The Suffolk County Community College board of trustees voted to...

The Suffolk County Community College board of trustees voted to postpone a decision to excuse Sanders from missing four recent meetings. Credit: Jeff Bachner

Theresa Sanders, ousted as CEO of the Urban League of Long Island after the nonprofit alleged she mismanaged its funds, also faces possible removal from the Suffolk County Community College board of trustees after missing a series of meetings.

The College Board on Thursday delayed action on a resolution that could trigger her removal. At the same meeting, Suffolk County Legis. Trish Bergin, a member of the legislature's Education and Labor Committee, said she would try to expel Sanders through another mechanism. The board president, who also is Sanders' personal attorney, decried the move as “political grandstanding.”
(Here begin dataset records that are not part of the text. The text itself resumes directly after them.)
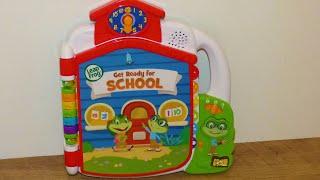 LeapFrog Tads Get Ready for School Book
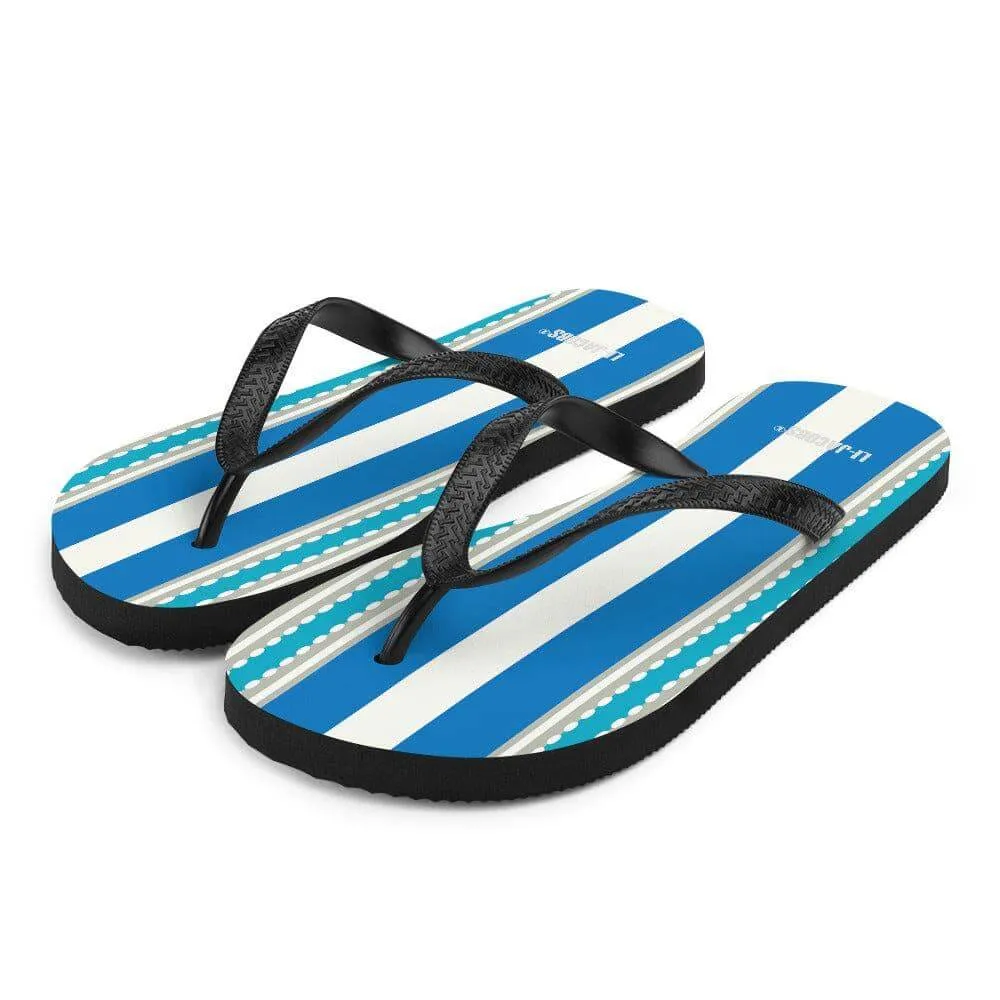 Blue Island Flip-Flops Sandals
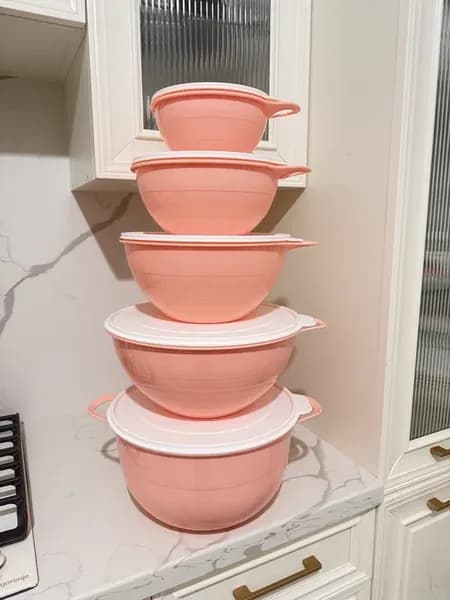 Миски Салатники с крышками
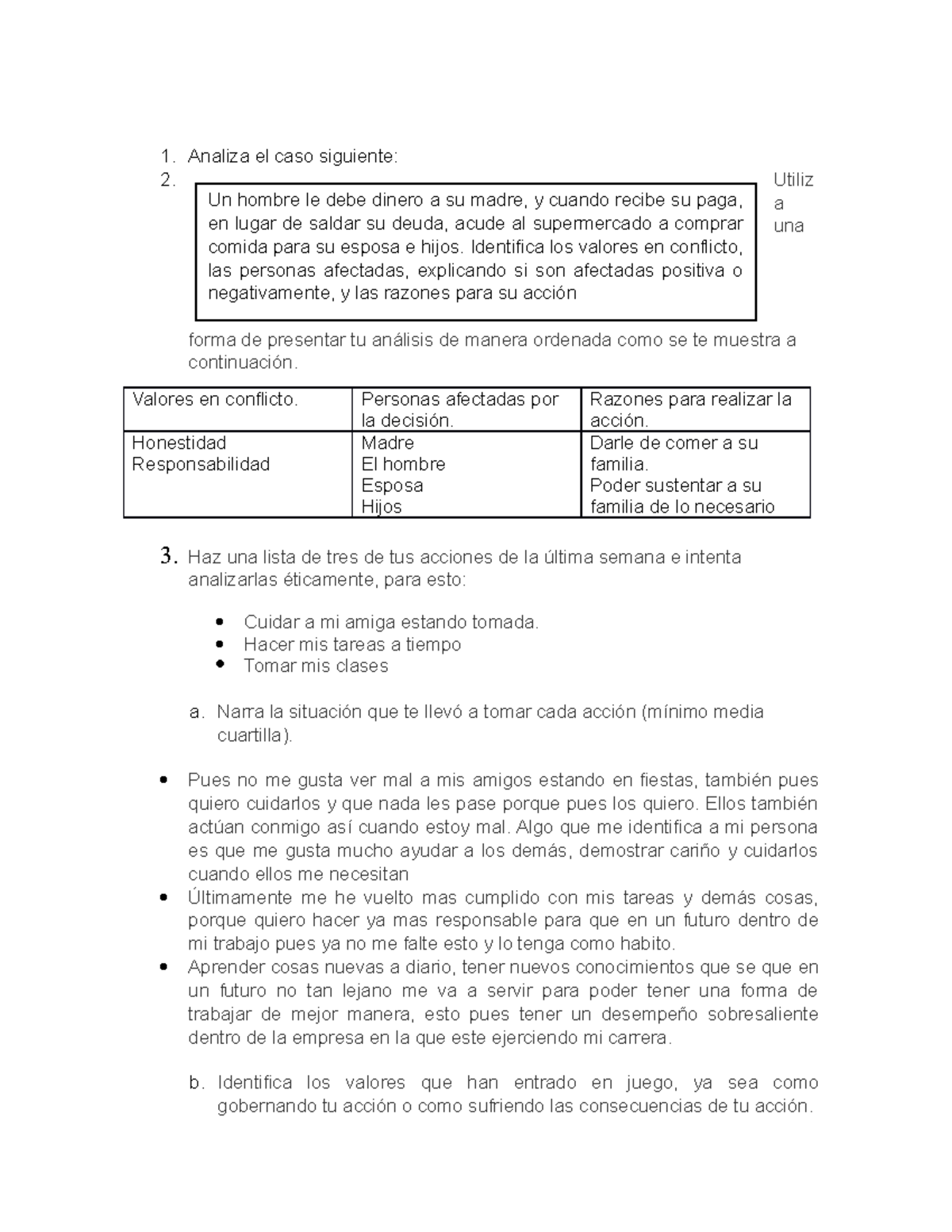 Actividad 1 Etica Profesional Y Ciudadania 2021 - Analiza El Caso ...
Sanders, appointed to the unpaid board in 2011, was absent from its four most recent meetings on April 20, May 11, June 15 and Aug. 17. College bylaws say when a trustee appointed by the county legislature, such as Sanders, is absent from four consecutive meetings, their seat is considered vacant unless the absences are excused by the board.
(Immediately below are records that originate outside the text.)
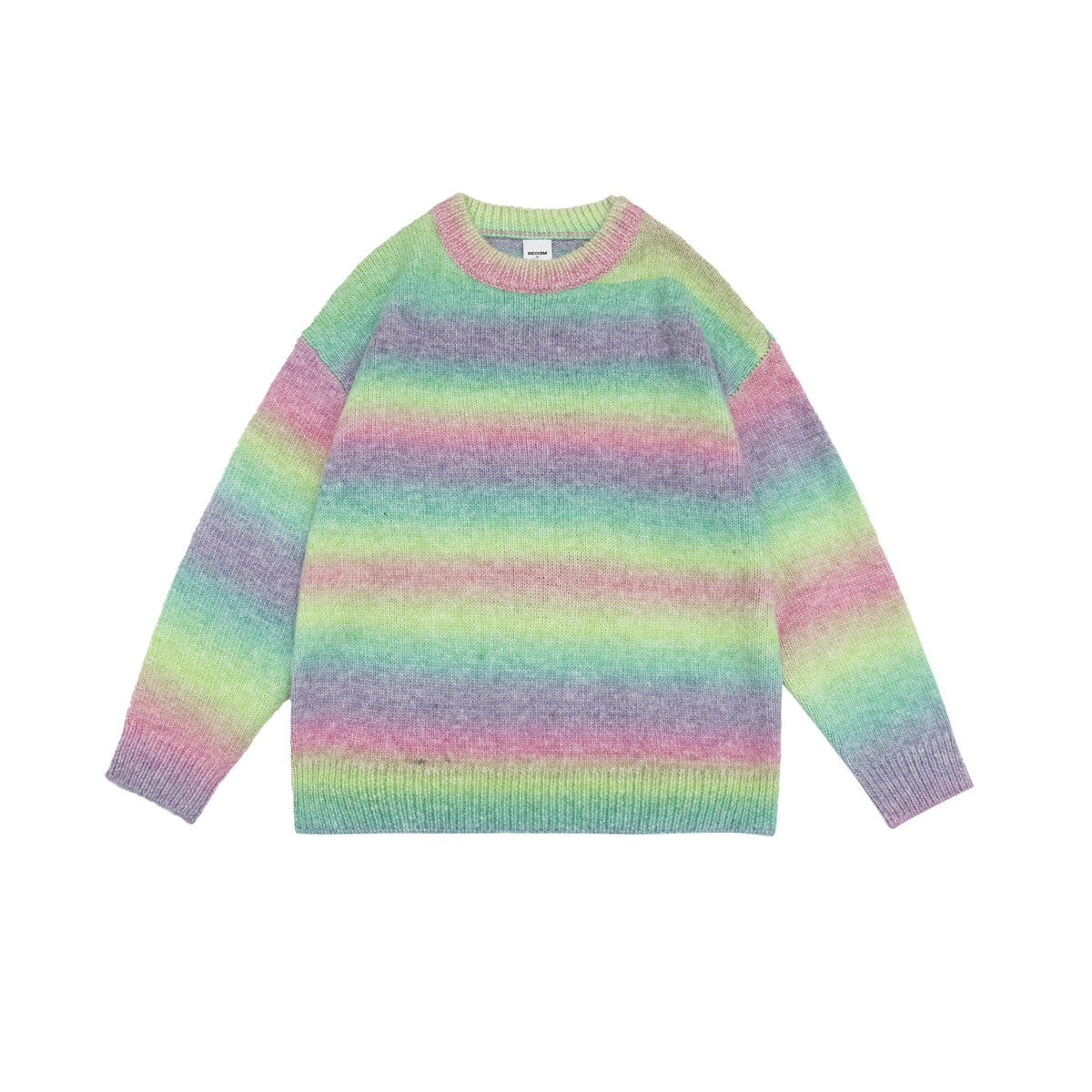 Knitwear Coat Couple Wear Round Neck Sweater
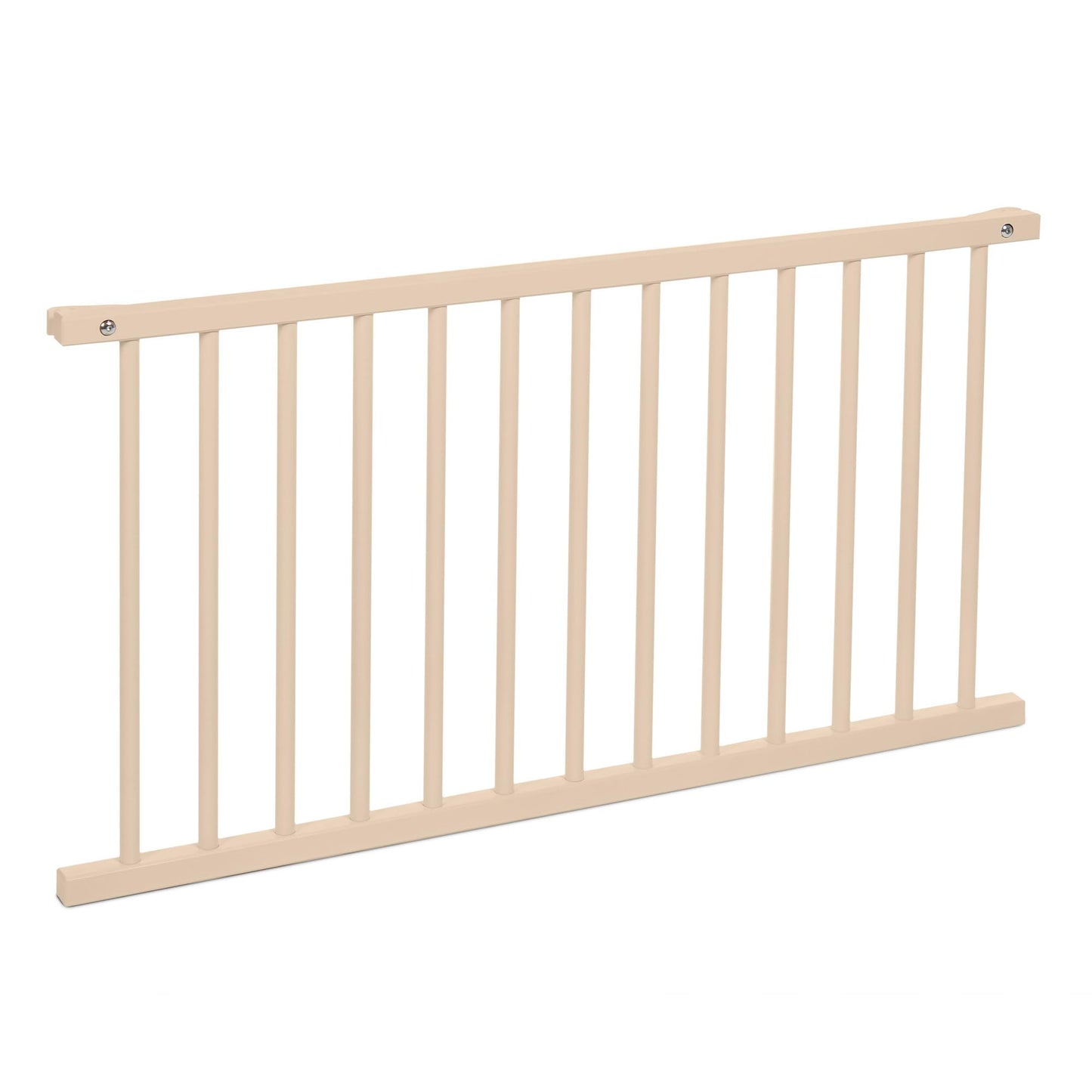 Verschlussgitter für Boxspring XXL Kinderbett, Beige Lackiert für Modell Boxspring XXL für Kinderbettnutzung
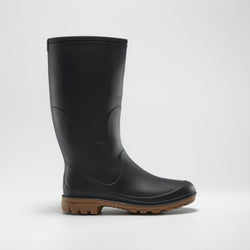 Navy,Marine : Miranda Women's Rain Boots - Side View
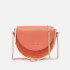 See by Chloé Mara Suede and Leather Cross-Body Bag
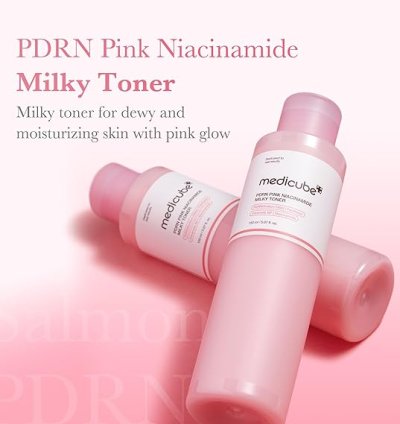 medicube PDRN Pink Niacinamide Milky Toner for Hydrating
The board voted 6-0 to table a resolution excusing her absences until their Oct. 19 meeting. Sanders and board president E. Christopher Murray, an attorney who represents Sanders in a lawsuit filed by the Urban League, recused themselves from the vote and left the room.
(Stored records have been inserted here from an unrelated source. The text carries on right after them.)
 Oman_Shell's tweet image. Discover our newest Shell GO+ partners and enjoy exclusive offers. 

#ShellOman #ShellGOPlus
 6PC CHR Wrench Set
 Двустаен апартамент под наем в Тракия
The lawsuit, filed in August, alleges Sanders mismanaged about $200,000 of the nonprofit’s funds. She has denied wrongdoing.

Supreme Court Judge Christopher Quinn ruled she must step down but did not rule on the mismanagement claims. In September, Sanders filed a counter claim alleging the Urban League owes her $250,000 for taking a reduced salary over several years.

A spokeswoman for Nassau County District Attorney Anne Donnelly previously confirmed an ongoing investigation, declining additional comment.

Murray defended Sanders on Thursday, saying her absences were related to health matters and a family reunion in Jamaica. He blamed Bergin (R-East Islip) for publicly criticizing them for a legal issue that is still pending.

“I’m just so frustrated at the political opportunism that is being taken advantage of … diverting the attention of this institution from what it's supposed to be doing,” he said. “It’s just shameless. Absolutely shameless.”

Bergin told the board she was “troubled” that Murray represents Sanders while also serving as board president, and called for Sanders’ removal due to excessive absences.

“Mr. Murray can blame Trish Bergin for shedding light on a very, very bad situation, but I didn’t create that situation,” she said. “Miss Sanders created that situation. Mr. Murray created that situation.”

Suffolk County's charter allows the legislature to remove their appointees, and Bergin said she would discuss that option with the Education and Labor Committee and legislative attorney Bill Duffy.

Committee Chairman Jim Mazzarella (R-Moriches) said: “I will ensure that our committee continues to have dialogue on this and other issues regarding the college and its Board of Trustees.”

Sanders declined to comment.

Also Thursday, the board voted 8-0 to approve a new contract with the Faculty Association of Suffolk Community College, expected to cost the school $9.6 million over four years. The union includes 397 full-time and 1,100 adjunct faculty members.

The contract, which runs from 2022 through 2026, includes a 2.75% raise for 2023 and 2.95% raises in 2024 and 2025. It also includes a retroactive 1.6% raise for 2022.

The contract requires final approval from the county legislature.